By Roger Baird on Wednesday 20 February 2019
The US online lender says cost cutting should produce a profit in the second half of this year.
LendingClub posted narrowing full-year losses, with the US consumer marketplace lender aiming to make a profit in the second half of this year as it cut costs.
The San Francisco-based firm reported a net loss of $128.2m in 2018, compared to $154m the year before.
But it added its loan originations jumped 21 per cent over the period to $10.9bn, with loan applications up 35 per cent.
LendingClub, founded in 2006, is one of the largest online platforms that connects consumers looking for loans with individuals or institutions, such as banks.
However, US consumer confidence is fragile with official figures last week revealing that retail sales fell by 1.2% in December, the largest fall since September 2009. America is also in the middle of a trade war with China that has seen both sides impose tariffs on imported goods.
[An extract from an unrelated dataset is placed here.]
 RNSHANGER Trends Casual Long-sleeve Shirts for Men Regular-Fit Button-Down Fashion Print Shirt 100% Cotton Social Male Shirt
LendingClub chief executive Scott Sanborn said: "There is a lot of uncertainty both globally and domestically."
Like other online lenders, the business faces concerns from investors who fear companies in the growing digital lending sector will struggle to maintain their fast grow while keeping up the quality of their loans.
However, LendingClub’s chief financial officer Thomas Casey said the company’s administrative and tech costs grew more slowly last year than its net revenue.
He added: “In 2019 we are taking further action to simplify the company, putting us on the path to GAAP [generally accepted accounting principles] profitability.”
The business has been working to boost investor confidence since May 2016 when an internal investigation into loan malpractices led to the departure of then-chief executive and founder Renaud Laplanche.